9/11, Collective Memory, and Yom Kippur
9 Tishrei 5774 13 September 2013
This past Wednesday we commemorated the 12th anniversary of the terrorist attacks of September 11, 2001. At 8:46 am, the time when the first plane hit the North Tower of the World Trade Center, the Gann community stood for a moment of silence along with the rest of the country. A few minutes later, students, faculty, and staff joined together in the Beit Midrash for a ceremony where one of our teachers read a minute-by-minute account of how the events unfolded that morning. Slowly and deliberately, with incredible emotion in his voice, the teacher walked us through the history of that horrific day. No embellishments. No explanation. No commentary. Just the facts of what happened that tragic morning. The silence in the room was stunning.

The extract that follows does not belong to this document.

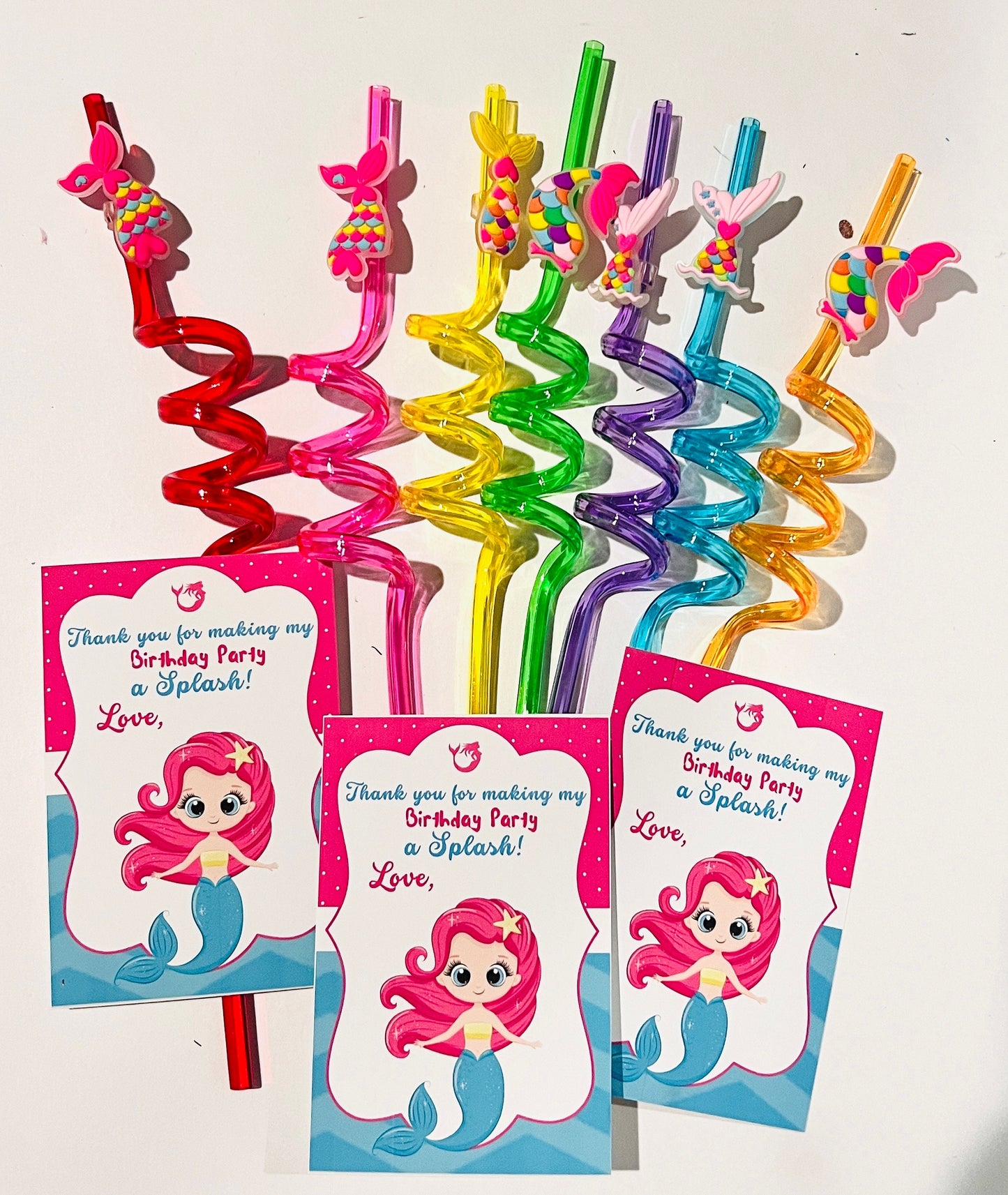 MERMAID PARTY FAVORS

After this almost ritualistic recitation-narrative, four faculty members shared their personal stories of where they were on 9/11 and how they remembered that day. One of the faculty members was a high school freshman at the New Jewish High School of Greater Boston, which made his account particularly poignant as I observed our students watching and listening intently to him and their other teachers. We concluded the ceremony with the singing of the National Anthem, and then the students silently proceeded to their advisor groups to process the ceremony and the day.

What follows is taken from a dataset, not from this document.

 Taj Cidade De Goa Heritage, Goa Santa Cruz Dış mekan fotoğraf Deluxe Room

Later that afternoon during our weekly faculty meeting, an extraordinary conversation occurred among our faculty that brought even greater meaning to the experience we shared that morning. One teacher posed two questions: “What do our students, most of whom barely remember 9/11, need from a commemoration like this? Which elements of the ceremony resonated most with them and why?” Other faculty members began sharing and processing their advisees’ responses and experiences, trying, as adults, to uncover the meaning that this day and our approach to it had for our students. As is often the case, this generated more questions. What are the pedagogical assumptions behind a ceremony like this? How can we honor and do justice to the day and to all those who were deeply and personally affected by these tragic events in ways that are educationally and emotionally appropriate and impactful for a generation that was not there and does not remember?
As I listened to the reflectiveness, sensitivity, sophistication, and empathy with which our faculty conversed, I was in awe of our educators who take so seriously their sacred charge. We rigorously engage the minds of our students, yes. And we strive to touch their hearts, to guide them as they develop into thinking, feeling, responsible Jews and human beings.

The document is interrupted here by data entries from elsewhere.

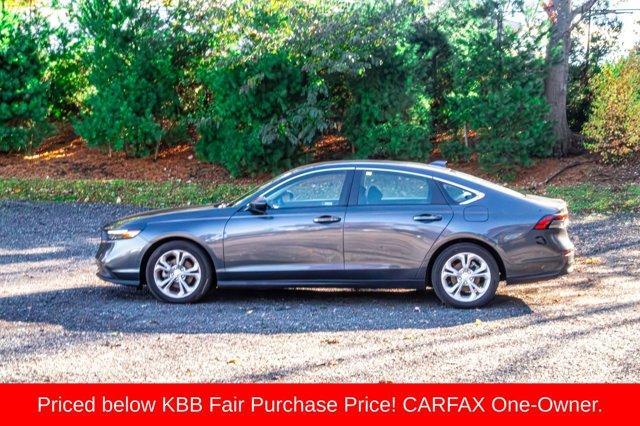 used 2024 Honda Accord car, priced at $19,795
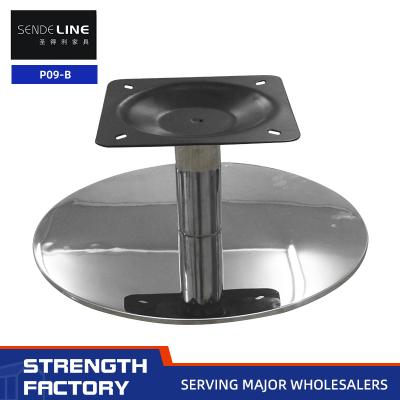 China Immobilization / 360° Rotating Bar Stool Accessories Leisure Swivel Chair Base for sale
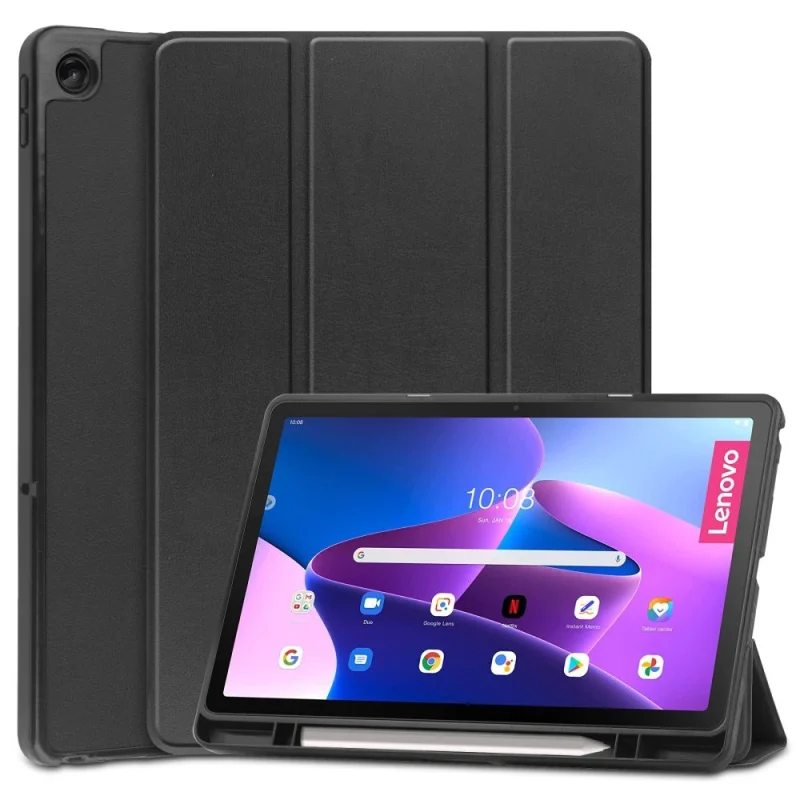 Etui Tech-Protect SC Pen na Lenovo Tab M10 Plus (3 gen.) 10.6" TB-125 / TB-128 - czarne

Beneath our faculty’s discussion was also an age-old Jewish question that began in the book of Devarim (Deuteronomy) that we will conclude next week on Simchat Torah. What does it mean to educate a generation about a history that they did not live and did not experience as their story? What does it mean to shape a people’s collective memory in ways that invite individuals into a covenantal relationship—a sense of connection and responsibility to a shared past and shared future—with their community and their nation? As we learned from our 9/11 ceremony, these questions that have animated Jewish parents and educators for thousands of years apply to the next generation of Americans and the future of this great country, as well.
Communal prayer, especially on the high holidays, is one of the ways our rabbis addressed these questions. Tomorrow, on Yom Kippur, many of us will spend hours in synagogue, travelling through a tour-de-force of liturgy that ranges from private supplications to joyous song to the reenactment of the Avodah (the Priestly sacrifices) to the recitation of martyrology recalling the tragedies that have befallen our people. Through these powerful literary, theological, and musical genres, the Yom Kippur prayers invite us to enter our people’s collective consciousness and to stand together in covenantal relationship with our community.
I wish all of us an easy fast and a meaningful and inspiring Yom Kippur.